BEGIN MATERIAL SHOWN
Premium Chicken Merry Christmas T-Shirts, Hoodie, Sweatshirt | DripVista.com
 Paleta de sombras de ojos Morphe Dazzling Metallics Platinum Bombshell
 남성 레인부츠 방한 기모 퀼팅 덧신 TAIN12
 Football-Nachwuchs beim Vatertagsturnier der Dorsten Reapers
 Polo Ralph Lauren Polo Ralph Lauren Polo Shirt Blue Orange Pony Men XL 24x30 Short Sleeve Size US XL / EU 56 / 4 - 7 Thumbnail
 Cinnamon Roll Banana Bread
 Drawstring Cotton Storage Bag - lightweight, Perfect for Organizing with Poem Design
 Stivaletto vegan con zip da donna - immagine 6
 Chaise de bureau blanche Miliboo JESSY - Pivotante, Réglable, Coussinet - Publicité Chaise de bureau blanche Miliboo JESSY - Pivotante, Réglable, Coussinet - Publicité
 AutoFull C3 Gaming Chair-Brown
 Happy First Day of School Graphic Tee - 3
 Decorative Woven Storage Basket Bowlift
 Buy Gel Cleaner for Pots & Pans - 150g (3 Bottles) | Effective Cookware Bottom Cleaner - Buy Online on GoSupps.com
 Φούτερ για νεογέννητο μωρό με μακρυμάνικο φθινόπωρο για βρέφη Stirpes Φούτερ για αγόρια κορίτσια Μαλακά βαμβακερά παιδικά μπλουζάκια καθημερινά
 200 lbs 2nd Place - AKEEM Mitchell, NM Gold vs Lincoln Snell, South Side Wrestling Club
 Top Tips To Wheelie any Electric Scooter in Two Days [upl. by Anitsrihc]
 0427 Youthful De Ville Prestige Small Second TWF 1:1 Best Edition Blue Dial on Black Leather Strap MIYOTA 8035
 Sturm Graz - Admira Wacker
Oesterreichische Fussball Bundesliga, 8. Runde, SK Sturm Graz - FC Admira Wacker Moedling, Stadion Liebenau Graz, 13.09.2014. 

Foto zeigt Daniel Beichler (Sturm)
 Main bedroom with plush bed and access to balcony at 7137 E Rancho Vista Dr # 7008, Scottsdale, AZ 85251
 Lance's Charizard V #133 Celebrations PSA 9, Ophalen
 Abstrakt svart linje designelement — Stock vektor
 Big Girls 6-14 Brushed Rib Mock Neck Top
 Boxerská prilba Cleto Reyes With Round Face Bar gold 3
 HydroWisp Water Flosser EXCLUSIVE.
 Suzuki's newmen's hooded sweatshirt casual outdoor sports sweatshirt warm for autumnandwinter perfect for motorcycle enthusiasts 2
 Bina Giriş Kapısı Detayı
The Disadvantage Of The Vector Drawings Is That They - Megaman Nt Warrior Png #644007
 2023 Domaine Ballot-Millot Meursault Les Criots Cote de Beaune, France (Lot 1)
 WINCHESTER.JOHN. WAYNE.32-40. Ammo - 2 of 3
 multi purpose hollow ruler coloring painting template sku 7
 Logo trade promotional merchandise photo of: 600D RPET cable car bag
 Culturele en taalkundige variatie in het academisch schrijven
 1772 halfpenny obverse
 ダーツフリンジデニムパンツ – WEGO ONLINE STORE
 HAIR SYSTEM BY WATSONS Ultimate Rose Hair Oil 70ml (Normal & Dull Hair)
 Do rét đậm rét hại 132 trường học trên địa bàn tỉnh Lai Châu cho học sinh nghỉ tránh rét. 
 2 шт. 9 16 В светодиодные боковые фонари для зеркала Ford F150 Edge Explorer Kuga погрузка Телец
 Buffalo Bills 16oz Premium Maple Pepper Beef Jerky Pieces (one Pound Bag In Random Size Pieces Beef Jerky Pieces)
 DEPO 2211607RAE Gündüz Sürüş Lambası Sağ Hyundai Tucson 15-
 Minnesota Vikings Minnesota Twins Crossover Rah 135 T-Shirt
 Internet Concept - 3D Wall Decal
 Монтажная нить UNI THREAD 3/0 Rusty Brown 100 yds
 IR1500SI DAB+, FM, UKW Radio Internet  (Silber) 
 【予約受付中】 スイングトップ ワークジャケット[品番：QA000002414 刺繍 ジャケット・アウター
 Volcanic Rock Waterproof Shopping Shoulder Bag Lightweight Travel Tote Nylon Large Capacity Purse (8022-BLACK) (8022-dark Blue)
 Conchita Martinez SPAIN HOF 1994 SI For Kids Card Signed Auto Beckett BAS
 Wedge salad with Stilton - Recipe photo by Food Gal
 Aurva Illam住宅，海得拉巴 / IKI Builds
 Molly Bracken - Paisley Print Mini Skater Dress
END MATERIAL SHOWN
WHAT TO WORK ON: Retype exactly the lines from the start of the entries through the one with "Cinnamon Roll Banana Bread"; include both ends.

RESULT OF THE TASK:
Premium Chicken Merry Christmas T-Shirts, Hoodie, Sweatshirt | DripVista.com
 Paleta de sombras de ojos Morphe Dazzling Metallics Platinum Bombshell
 남성 레인부츠 방한 기모 퀼팅 덧신 TAIN12
 Football-Nachwuchs beim Vatertagsturnier der Dorsten Reapers
 Polo Ralph Lauren Polo Ralph Lauren Polo Shirt Blue Orange Pony Men XL 24x30 Short Sleeve Size US XL / EU 56 / 4 - 7 Thumbnail
 Cinnamon Roll Banana Bread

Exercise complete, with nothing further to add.